Now economic conditions. Obviously at this point, conditions this year are obviously affecting people in different ways than ever before. But previously, this comes into income and savings of a customer. Of course, if you have more money, you’ll probably purchase more expensive products or services. A person with a low income, lower savings will purchase more inexpensive products. Economic conditions now in 2020, obviously are very, very different than they have been before. Then we move into personal preferences, right? We all want something that we want, we all have personal preferences over something else. We have different beliefs, we have different attitudes. Again, the way we respond to an ad or to marketing or to a blog is always going to be different to the person even sitting next to you right now. And within personal preferences, it leads all the way back to what I said at the start, of age, occupation, lifestyle, culture, all sorts of factors are going to influence people’s consumer behaviour. And then finally, we have something that we call group influence. Are we a sheep, do we follow what other people buy? Do we choose to buy it because they have, because our friends have told us to, what’s popular, what’s not? Some people want the popular thing. Some people don’t want the popular thing. Recommendations. What are people saying about a particular product or service? So this is where it all becomes so, so, so critical. And I really hope at this point you’re seeing how all these bits and pieces of marketing really start to merge together and fall into place. And I hope you understand why I’m so passionate about this, because I just love it. 

So what’s the role of consumer behaviour in marketing, apart from everything, right? As marketers, we need to understand the buying behaviour of consumers for what we’re marketing to do well, so once we understand the behaviour of how people are making a decision to purchase the thing, then we’re able to change that in a way to get them to purchase the thing. It’s really important for us as marketers to understand what prompts, so what’s prompting our consumer to purchase a product or a service, what’s stopping a consumer from buying a product or service. We get really, really deeper and deeper into the psychology of people, of consumers. Why they feel a certain way about making a certain purchase, what they feel about a particular product or a brand overall. And of course, how consumers get influenced by their immediate surroundings, by their group influence, by family members, friends, co workers, and so on. So it really, really, really is in depth. But I hope that you’ve really got an understanding of consumer behaviour. It’s just, it’s the shiz, I love this stuff. 

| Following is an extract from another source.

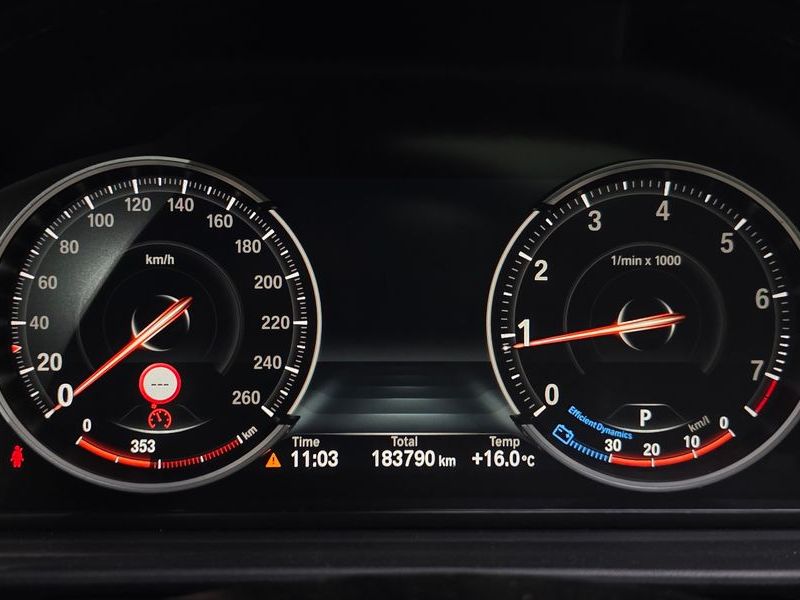 2014 BMW 5 Series 528i photo 8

So finally, let’s look at what does understanding consumer behaviour do for you and your business? You’ll feel more confident in your marketing strategy. Of course, if you’re really, really understanding what’s influencing people, what’s influencing their behaviours, the type of buying behaviours and consumer behaviours, you’ll really start to feel more confident that your marketing strategy and your copy, your material is on the right path to influence those decisions, you’ll be able to make more informed decisions, or perhaps on what to do next, or maybe what to change, different ads you may want to target, different content pieces, it’s to really, really help you to act strategically, and make really, really clever, informed decisions. And finally, of course, it helps you communicate more powerfully with your target audience, drawing in your ideal clients and customers, really getting to what it is they need and understanding how they’re going to make this decision. Really, really is just create such powerful communication. 

Okay, brilliant, everyone, ladies, that is a wrap. And as always, as I always say, all of you amazing kick ass women and fellow work wives. Please, please remember you’re not alone. Collaboration is power. And most importantly, we all get it.